Kandy showed us her keenly perceptive illustrations of lichens, birds, nests, and other aspects of the landscape she found here and out in the world. She let us try her metalpoint tools as well and had another botanical illustrator visitor from the Smithsonian. We heard about how botany has been dropped from many programs, and that botanical illustrators are forced to work digitally—causing the traditional tools they used to use to disappear, while young people interested in the field prefer drawing from a photo on their phone rather than the actual plant.
After studio visits, I drove Sarah and Yi Hsuan to the fancy side of the property to visit the gallery. The pruning team was outside with four, maybe five, ladders and a cherry picker.
Elinor (head volunteer and spouse of the current director) had worked for years on going through the linens on the property and creating an exhibit. Yi Hsuan couldn't show us her studio because she had lost her first week to quarantine; plus a lot of her work this time will be for research.
What we saw was 1% of the collection (and these pictures are 1% or less of the show). There is a note from RFK in front of the "Bunny" basket, the stationery lined in black as he was mourning his brother.
The backside of the embroidery work was as stunning as the front. But the sheer display of's hard not to feel conflicted about all of this.
In between the show tour and studio visits, we gathered for tea and snacks in the newly-renovated Schoolhouse building. I went back downstairs to visit the basket chairs.
Saskia, the residency chef who has not been able to do much cooking for a while due to pandemic, made a delightful batch of sweets and cider.
I only made it outside once or twice at dawn but would often brush my teeth in front of the window so as not to miss a minute of the show, which changed daily. On our first overcast morning, I recognized a familiar feeling of grey Ohio daylight, and how it is not motivating. No wonder I prefer staying in bed in winter. I had thought I was okay with the cloud cover for 8 months of the year but the contrast here makes me wonder if I am simply lying to myself.
After the studio tours, we were all exhausted. I felt like I lost most of the day and then after that I lost more because I had visitors and we started to socialize in the evenings. Being prone to feeling inadequate, I got carried away making hummus and a massive new batch of popovers (I forgot to add the fresh rosemary from our farm share until the last few).
It wasn't hard to force them upon everyone, which I have to do because my body is not built for bread/butter/baked treats. Yet I have had a LOT here.
On the way to the compost, I took a slightly different route and enjoyed the tree framed by the doorway.
While walking, I continued to regret bringing only tiny paintbrushes because I wanted a wider brush. Then I realized in the woods that EVERYTHING I need is here. I'm not a tool maker but chose a few different plants on the way. After passing my third stand of walnut trees since arrival, I reached the pine trees behind a big house and immediately there was the hush that pine needle carpets create.

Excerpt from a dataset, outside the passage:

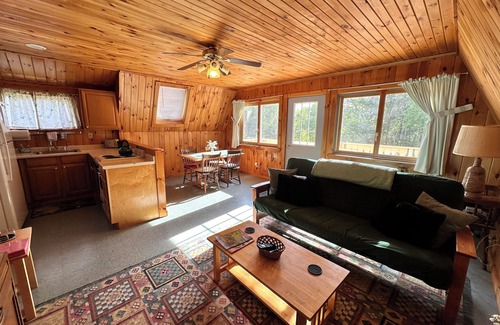 Jay Apartment | Cozy loft apartment with deck, nestled in the Adirondacks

I looked up, wishing I could use a sprig, then looked down and saw great windfall, still intact. This is not a fancy brush but worked fine for my impatient self.
Mattie and Rosa visited from Baltimore and helped trim a new batch of hemp stalks, after bringing lots of Korean food to share! That day became a total wash because their arrival time kept getting delayed, throwing off my studio time. I lost my head for the rhythm of the days and was conflicted about it, but felt tears spring to my eyes once Rosa finally jumped out of the car; we were meeting after a year of virtual communication. That evening, I ran up to the big house for a farewell dinner with Calista, who was smart enough to leave EARLY as we all knew the storm was coming.
The next day, Yi Hsuan came over because she had mentioned she'd be willing to help beat fiber and wanted to learn about papermaking. She was very diligent with the milkweed batch.
I had thought that I'd resent sharing final vat time, but it was actually nice to have someone to help and ask questions. She removed the deckle in a way I've never seen anyone attempt, which was fun to witness. I was sad we couldn't see her work but her main thing here is spending time in the library to get flower images to create 3D molds to make flowers out of agar.
This batch turned out much softer than the fall harvested milkweed. I had forgotten about that characteristic.
The final drawing, on the final batch of paper.
The final book, which I sewed up today. I was antsy to clean up but tried to calm myself by doing a last sketch of the walnut tree with a new pine needle brush, then the egg drawing. Once I did this that I finally zoned out for a tiny while. Final residency days are hard because you want to keep working but you are no longer in that space, since you've crossed into a transition. And you want to linger with your new cohort, even for a brief residency like this. I tried to acknowledge how sad I was, then forced myself to stop imagining what last bits I could get done. Once I cleared and loaded things into my car and started to move furniture and sweep, I felt much better. Like I was honoring the time to close my time in the studio while preparing it respectfully for the next artist.
That pressed indigo hanji went into this book
and this one as well.
I fed Yi Hsuan lunch and on the way inside, the snow started falling. She was able to cycle back home before it got bad, but the dreaded storm had finally arrived.
A few hours later, I doubted that any artists would come to my house for dinner as I had invited them in the morning. Kandy knew to stay home, and Yi Hsuan tried to go outside but couldn't see, so went back in. Sarah was incredibly intrepid, and though she heard the wind howling from her studio, she was well equipped with all kinds of layers and arrived bearing salad ingredients. But even she was wise enough to leave early when we heard freezing rain pelting the windows.
This morning, I marveled at her grit both coming and going. Everything was covered in ice and I had to be careful not to slip while cleaning the car (more like throwing my body against it and flinging ice in great sheets), moving it closer to the studio, and on final errands like compost and gifts. I caught Sarah a few hours before she left and she reached out to grab my hand at the threshold because the ice was just as bad there as at my front door. We acknowledged our weird energy and how sad and bereft we felt, plus how odd it felt to leave when no one was here (holiday/staff out of town). Then I drove home and promptly fell on the ice going from my car to the house. It was straightforward, falling forward and down on my hands and knees, but I tweaked my back immediately. Loading the car tomorrow may involve sliding around on my ass, but that's only the first problem. How will the roads home be? I got visual confirmation that my driveway is covered in several feet of heavy compacted snow, completely unpassable. I'll park at a friend's house and get a ride to shovel for hours just to get my car past the sidewalk.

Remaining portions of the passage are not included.